Casamance: René Capain Bassène sur les incidences de la crise politique en Gambie sur le conflit en Casamance

René Capain BASSENE, journaliste, écrivain et observateur du conflit en Casamance se prononce :

– Yahya Jammeh n’est ni père fondateur, ni parrain du MFDC.

– Aussi bien la Guinée Bissau que la Gambie, aucun de ces pays n’a une emprise réelle sur le MFDC.

– Une intervention militaire en Gambie pourrait avoir de lourdes conséquences sur les populations civiles vivant dans ce pays et celles vivant de part et d’autre de la frontière avec le Sénégal.

A la suite du refus de du président Yahya Jammeh d’accepter le verdict des urnes et de reconnaitre sa défaite, beaucoup d’acteurs stipulent qu’il compte sur le MFDC pour l’aider en cas d’intervention militaire. Pour vous qui suivez de très prés le conflit en Casamance pouvez vous nous donner votre analyse de cette situation ?

Vous savez, je ne suis pas quelqu’un qui s’empresse de parler et d’émettre des analyses sur des situations très dynamiques et difficilement cernables comme c’est le cas de nos jours en Gambie.

Aucun parmi tous ces acteurs qui à travers les médias ne cessent de nous inonder de leurs analyses, n’avait imaginé que Yahya Jammeh allait accepter sa défaite avant proclamation des résultats et nul d’entre aux ne s’était imaginé que ce même Yahya Jammeh allait dix jours après rejeter le verdict des urnes en se proclamant vrai vainqueur des élections présidentielles.

C’est pour dire que ces acteurs dont vous parler ont plutôt donné leurs avis ou leurs impressions à chaud car pour émettre une analyse sérieuse, il faut se donner un peu de temps surtout quand il s’agit de certains sujets.

Je ne suis pas géopoliticien ni diplomate. Je ne peux donc pas m’aventurer à m’exprimer sur les projets et nouvelles ambitions de Yahya Jammeh et sur ce que deviendra la Gambie.

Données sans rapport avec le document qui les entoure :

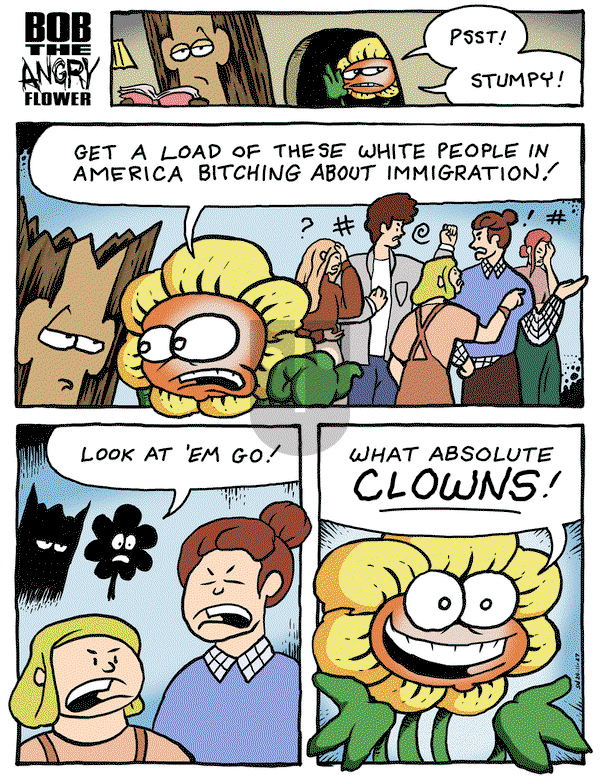 Bob the Angry Flower on Monday December 2, 2024 Comic Strip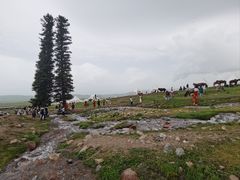 -新疆那拉提国家旅游度假区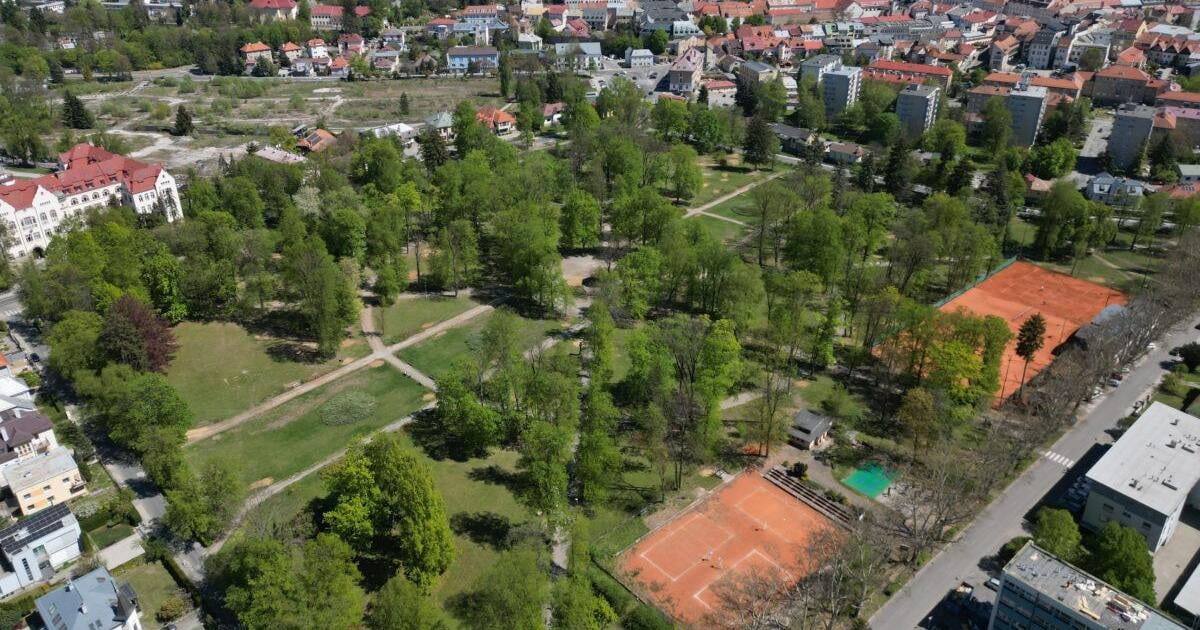 Z historickeho parku zmizlo takmer 150 stromov prichadza obnova Po mesiacoch ho opt spristupnili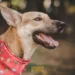 Animais do DCZ ganham ensaio fotográfico para incentivar adoção na Capital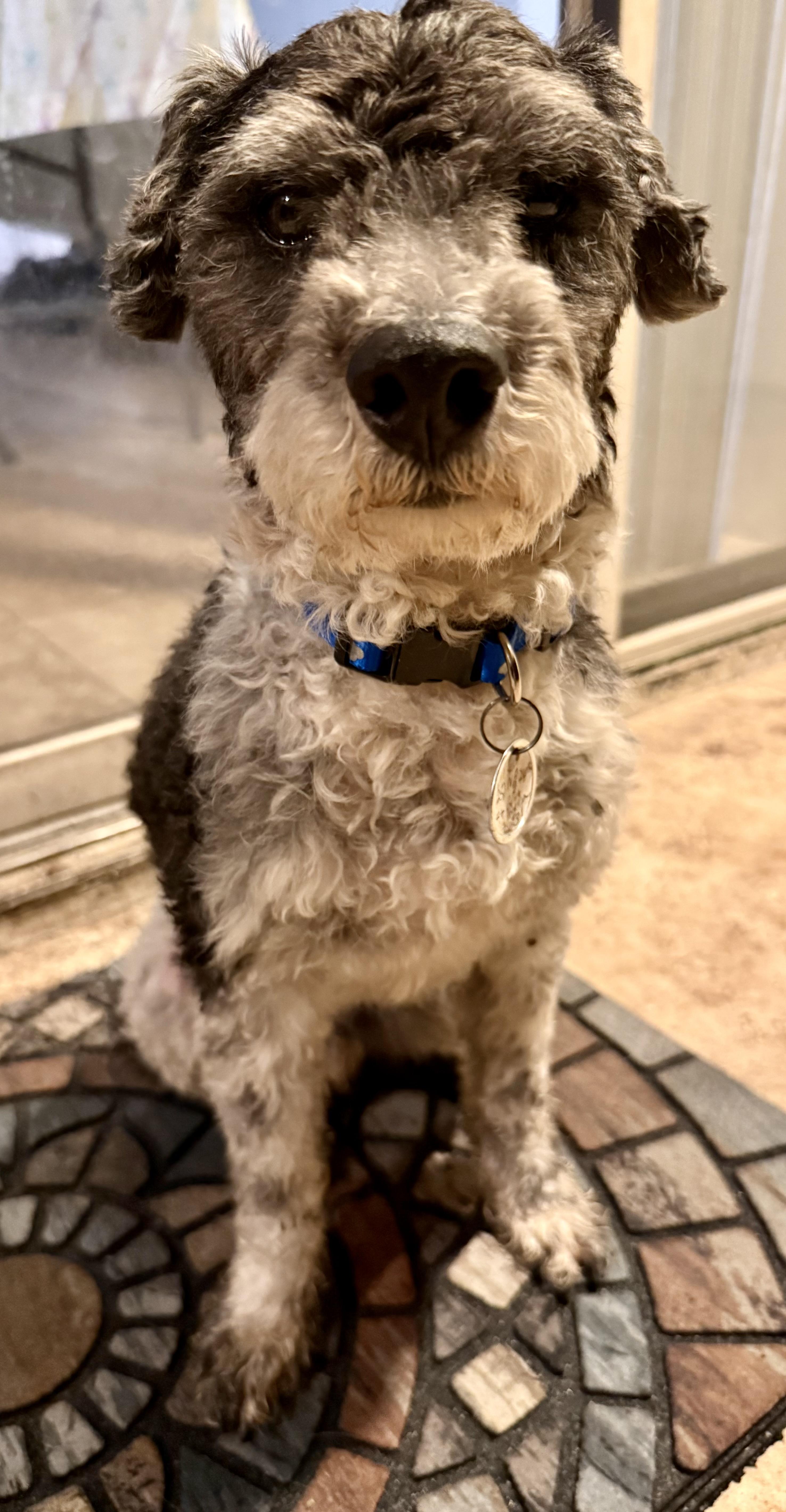 Enlarge Hypoallergenic mini poodle boy Cash , an adopted Miniature Poodle in Boca Raton, FL image 2/6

Mais je vais sur la base de faits précis tenter de répondre à votre question concernant une éventuelle immixtion du MFDC dans la crise politique gambienne.

D’abord je tiens à préciser que :

  1. Yahya Jammeh n’est pas le père fondateur du MFDC.
  2. Il était arrivé au pouvoir en 1994 sans aucune implication directe ou indirecte du MFDC.
  3. Il n’avait aucune emprise réelle sur les combattants du MFDC, tout comme le président Bissau guinéen.
  4. Avec ou sans Jammeh, le mouvement va continuer à exister tant qu’il n’y aura pas d’accord de paix final.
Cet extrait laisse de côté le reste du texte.